[What you need to do]
The answer must consist only of the lines in the records below from the line with "How to Make" to the line with "Photographie prise depuis", both included, copied word for word with every picture left out.

*** Excerpted records

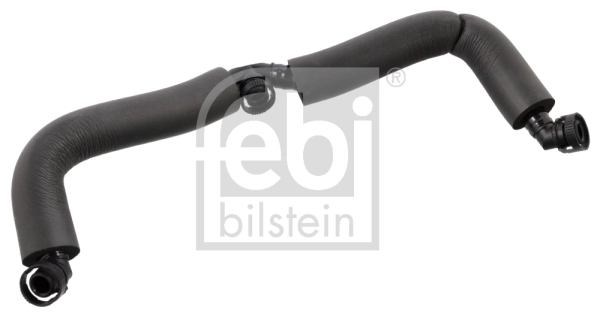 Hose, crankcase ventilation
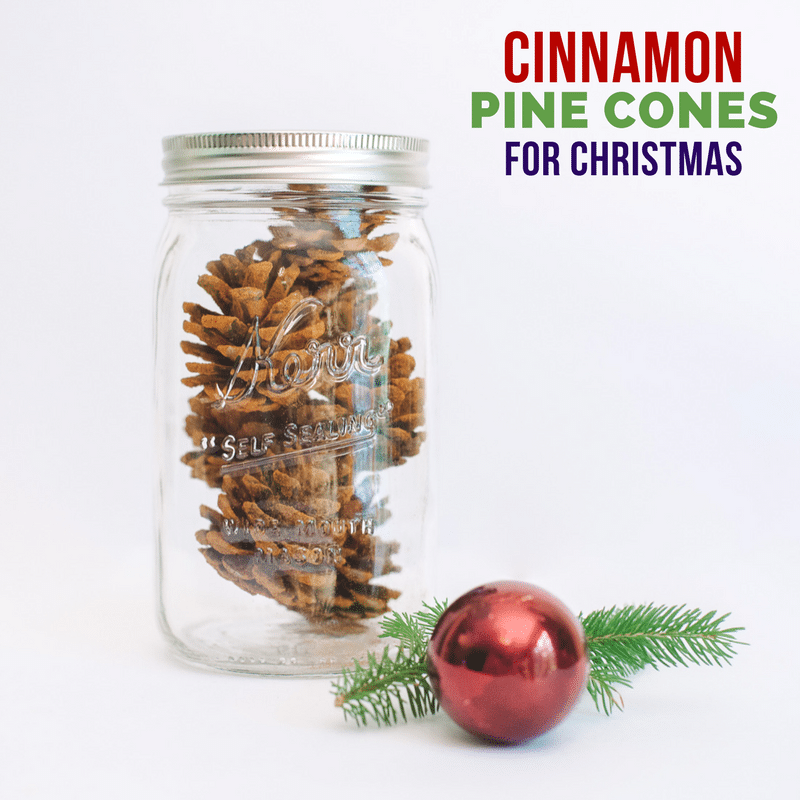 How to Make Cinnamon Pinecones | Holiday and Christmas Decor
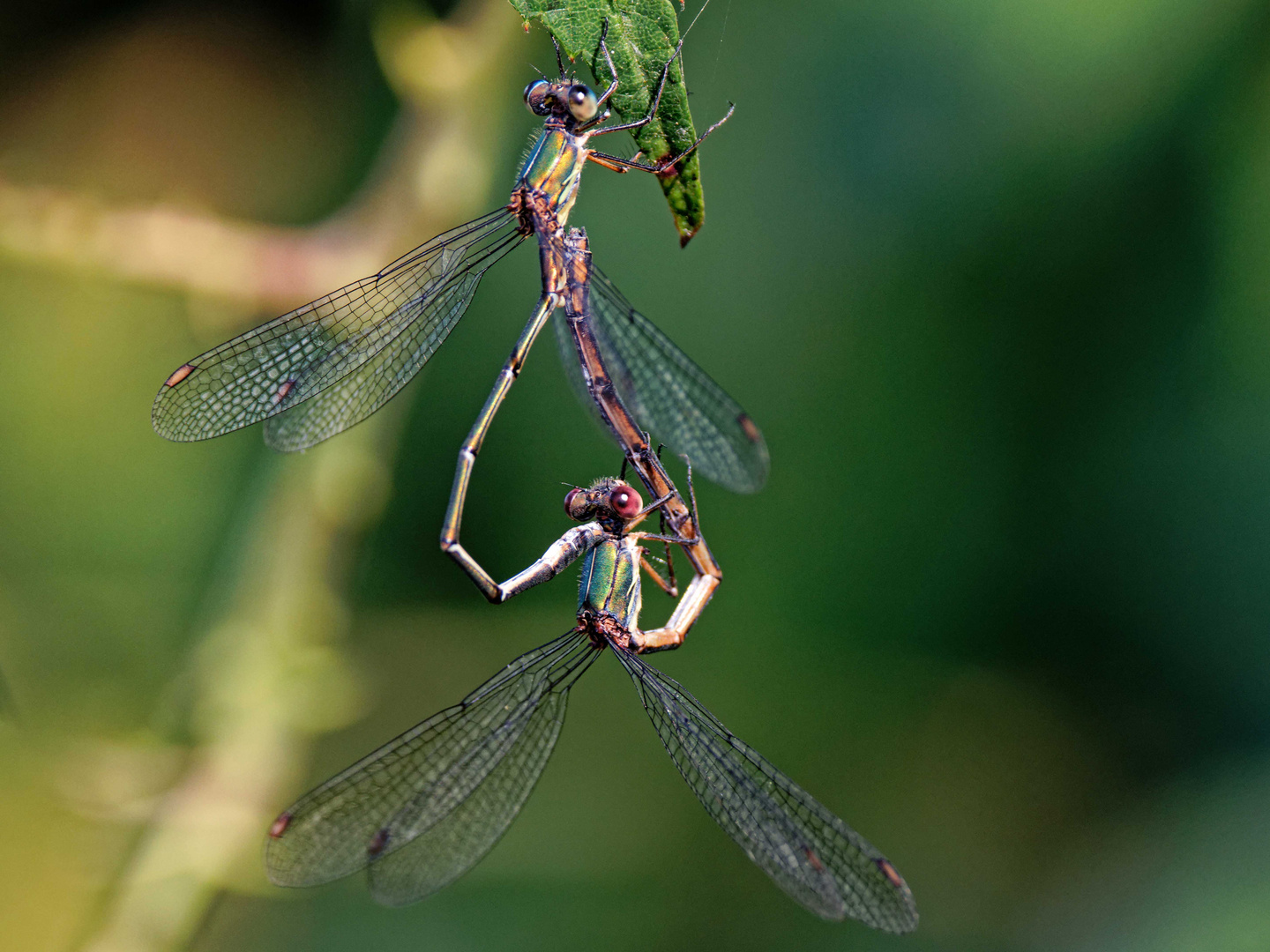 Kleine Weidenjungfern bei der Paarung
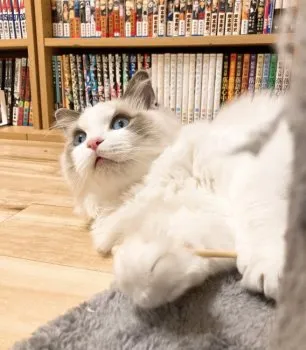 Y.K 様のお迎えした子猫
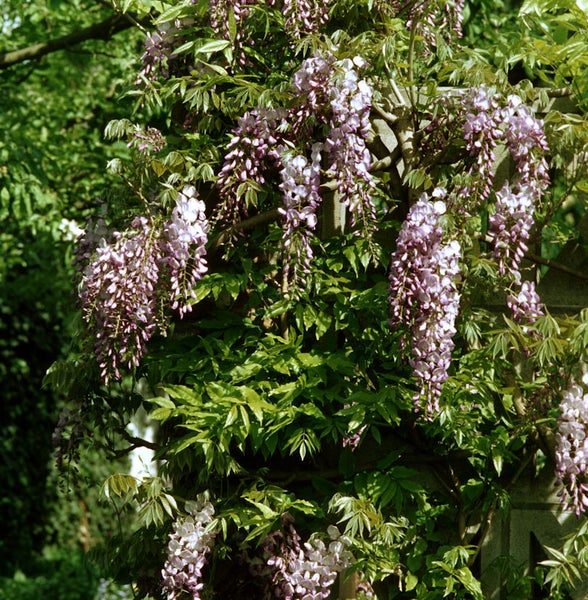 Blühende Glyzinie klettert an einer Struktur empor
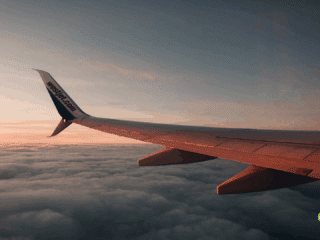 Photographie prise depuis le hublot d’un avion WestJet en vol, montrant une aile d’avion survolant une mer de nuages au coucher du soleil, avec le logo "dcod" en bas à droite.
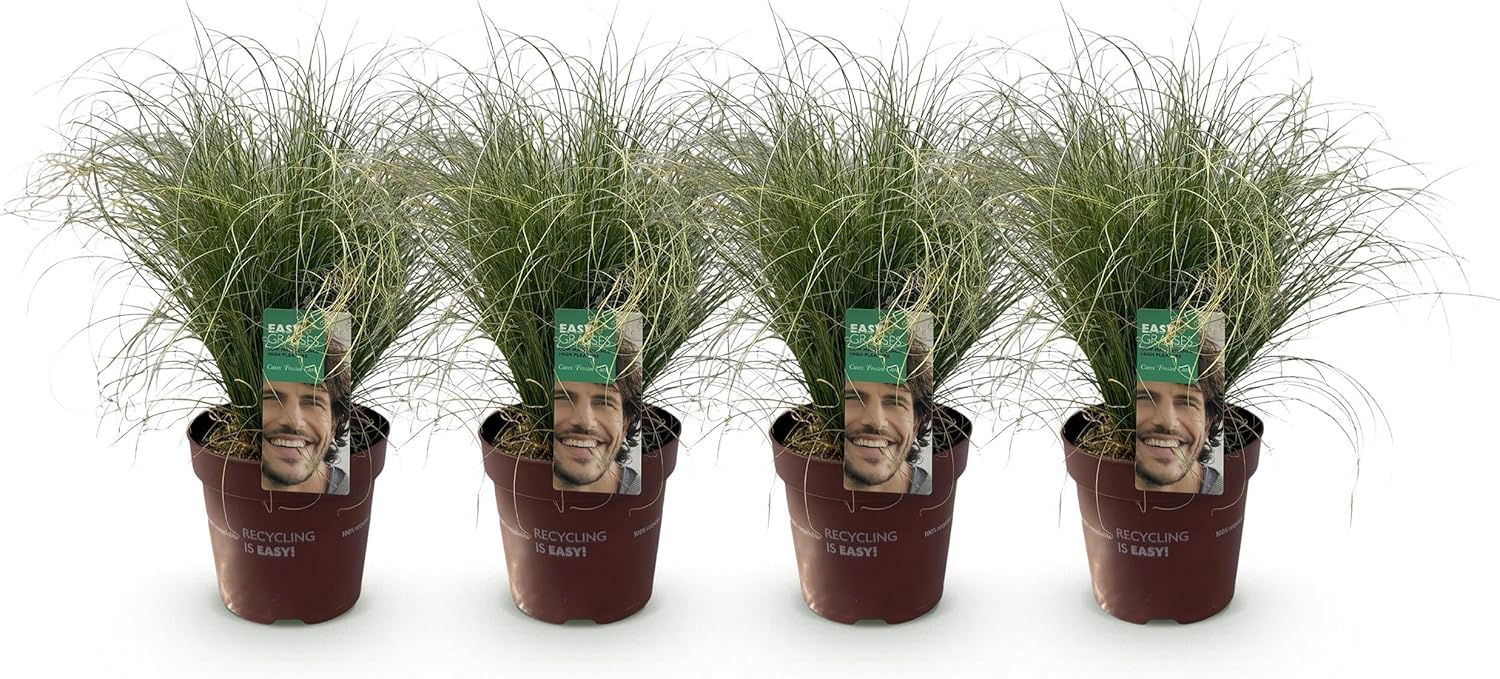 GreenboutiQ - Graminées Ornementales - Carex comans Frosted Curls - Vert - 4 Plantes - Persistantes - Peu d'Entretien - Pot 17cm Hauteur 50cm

******

[Written answer]
 How to Make Cinnamon Pinecones | Holiday and Christmas Decor
 Kleine Weidenjungfern bei der Paarung
 Y.K 様のお迎えした子猫
 Blühende Glyzinie klettert an einer Struktur empor
 Photographie prise depuis le hublot d’un avion WestJet en vol, montrant une aile d’avion survolant une mer de nuages au coucher du soleil, avec le logo "dcod" en bas à droite.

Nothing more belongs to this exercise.